┌─ Stored data

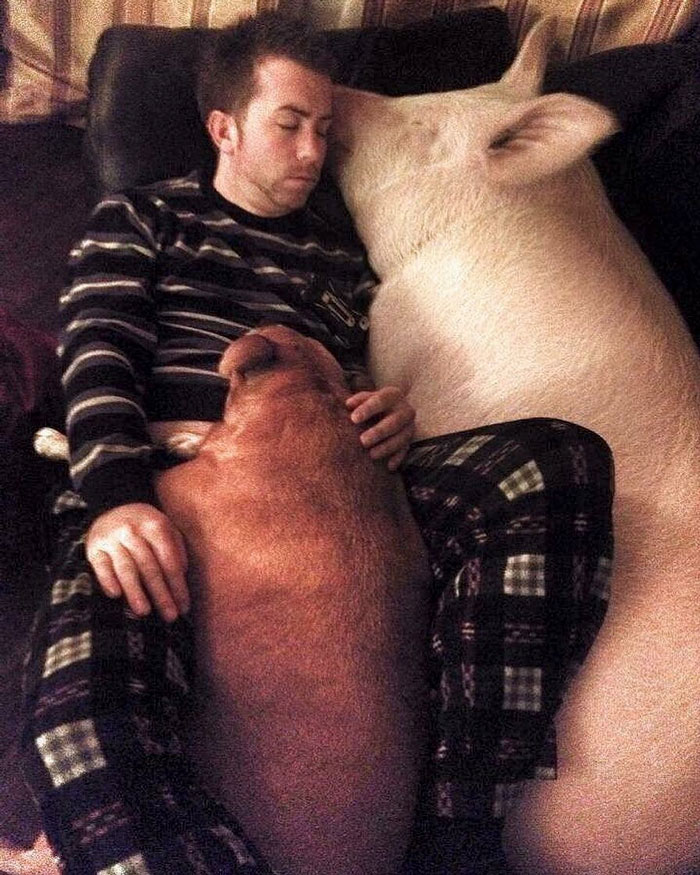 Un couple pensait avoir adopté un mini-cochon et l’a gardé comme animal de compagnie même lorsqu’il a grandi et a atteint 295 kilos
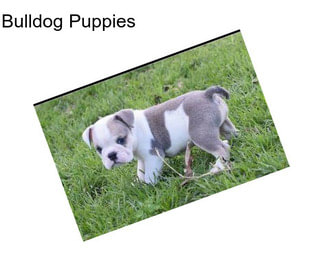 Bulldog Puppies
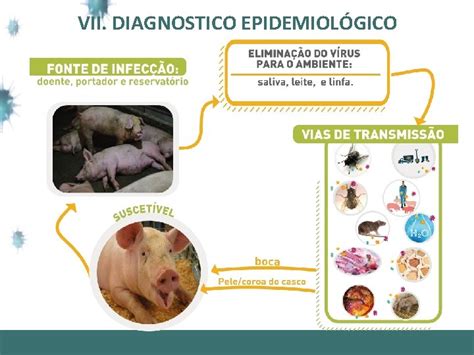 EPIDEMIOLOGIA DA FEBRE AFTOSA Prof A Dra Masaio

└─

Print the whole listing exactly, please, and keep any images out of it.

 Un couple pensait avoir adopté un mini-cochon et l’a gardé comme animal de compagnie même lorsqu’il a grandi et a atteint 295 kilos
 Bulldog Puppies
 EPIDEMIOLOGIA DA FEBRE AFTOSA Prof A Dra Masaio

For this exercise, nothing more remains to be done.